Interview: Kyle Kozar

Kyle Kozar

Photo by D. BRIAN BURGHART

Kyle Kozar is co-founder and co-executive director of the Reno Bike Project, a nonprofit organization created to promote “the benefits of bicycles as an energy-efficient, economical, non-polluting form of transportation, and as a healthy lifestyle choice, by providing access to affordable equipment and education throughout the Truckee Meadows.” With the cycling season upon us, and Bike to Work Day around the corner, it seemed a good time to catch up with the Bike Project. For more information, check out www.renobikeproject.com.

So you have events coming up?

May 15 is National Bike to Work Day. We have a free pancake feed out of our bike shop. It’s open to the public so we basically feed all the commuters who ride their bikes to work that day. We give out pancakes, both vegan and regular, and bacon and juice and fruit—all that good stuff. The next day is May 16. We have our third annual fundraising bike celebration, called “Bike Out.” We’re combining that with our first ever bike swap.

What is Bike Out?

It’s a celebration of the bike; it’s a fundraising event for us.

What do you do at Bike Out?

We just do a bunch of bike games. This year, we’re going to do a Huffy toss and a Huffy hill climb, and we’ll do a kids race, like a little kids relay race. We’ll have some live music, and there’ll be food there. New Belgium sponsored it and gave us some beer to give away for donations. That’ll be in the afternoon.

Cool.

In the morning will be a bike swap, and it’s all taking place at Plumas Park, so the bike swap will be in the Plumas Park gym.

What’s a bike swap?

It’s like a ski swap where people can—if they’re a collector—they can get a table and have a bunch of their bike parts and bicycles for sale. Or people can bring bikes to us, and we’ll put them up and sell them for a commission. It’s the first time we’ve done it, so we’ll see how it goes. We’re trying to build it into a big, yearly bike swap here in Reno to bring people from California and all over from all the bike shops and whatnot to come there as kind of a congregation of people who want to sell and collectors who are looking for rare and interesting bikes and bike things like that.

Now to switch gears, so to speak, what is the first thing local government should do to promote bike riding or help bike riders?

Really, I think the biggest thing for me, as a bike rider, I just wish there were more bike lanes. There are a lot of really congested roads, like for instance, Fourth Street between Sparks and Reno. That’s the main bike route between Reno and Sparks, and it used to be a highway, so it’s four lanes, two lanes each direction, and there’s no bike lane. There’s barely even a gutter. And it’s a main bus route between Reno and Sparks. As a cyclist on that road, it can be kind of terrifying. There’s a lot of roads like that in town, so if local government wanted to do something to make riding safer for cyclists, it would be really pushing to get bike lanes and give bicyclists an area and a buffer.

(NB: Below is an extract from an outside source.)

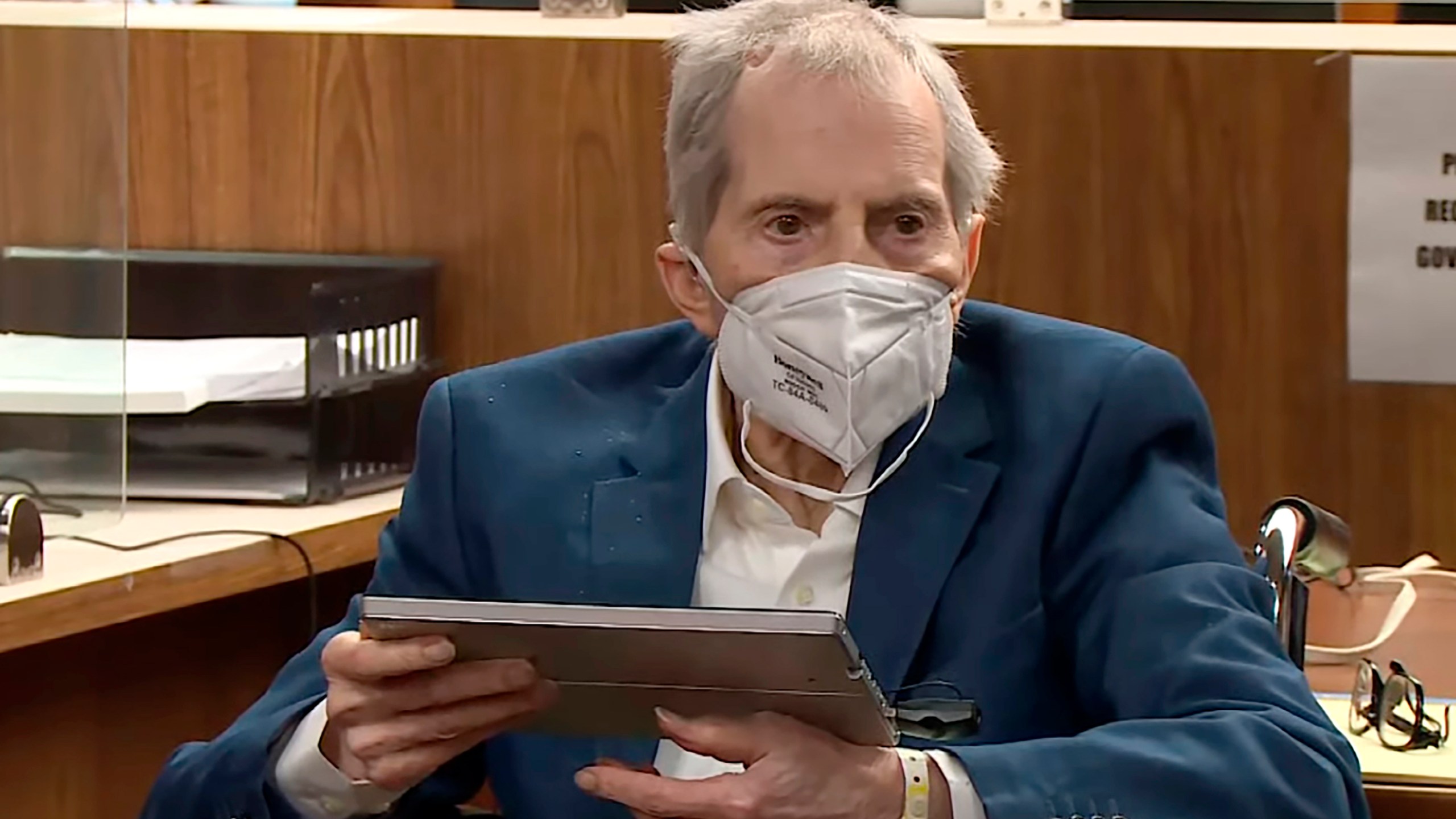 In this still image taken from the Law & Crime Network court video, real estate heir Robert Durst watches as Deputy District Attorney John Lewin presents a new round of opening statements in the murder case against Durst after a 14-month recess due to the coronavirus pandemic in Los Angeles County Superior Court in Inglewood on May 18, 2021. (Law & Crime Network via Associated Press, Pool)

Fourth Street seems like one of those roads that should be a lane going each way, a turning lane in the middle and then bike lanes on either side.

We just recently moved our bike shop down to Fourth Street, just east of downtown, like Fourth and Valley. It’s kind of a more permanent home. The address is 541 E. Fourth St. That’s where the pancake feed will be, too. It’s right across the street from Martin Iron Works. I see so many cyclists every day commuting, and there’s buses flying right by them, pushing them off the road.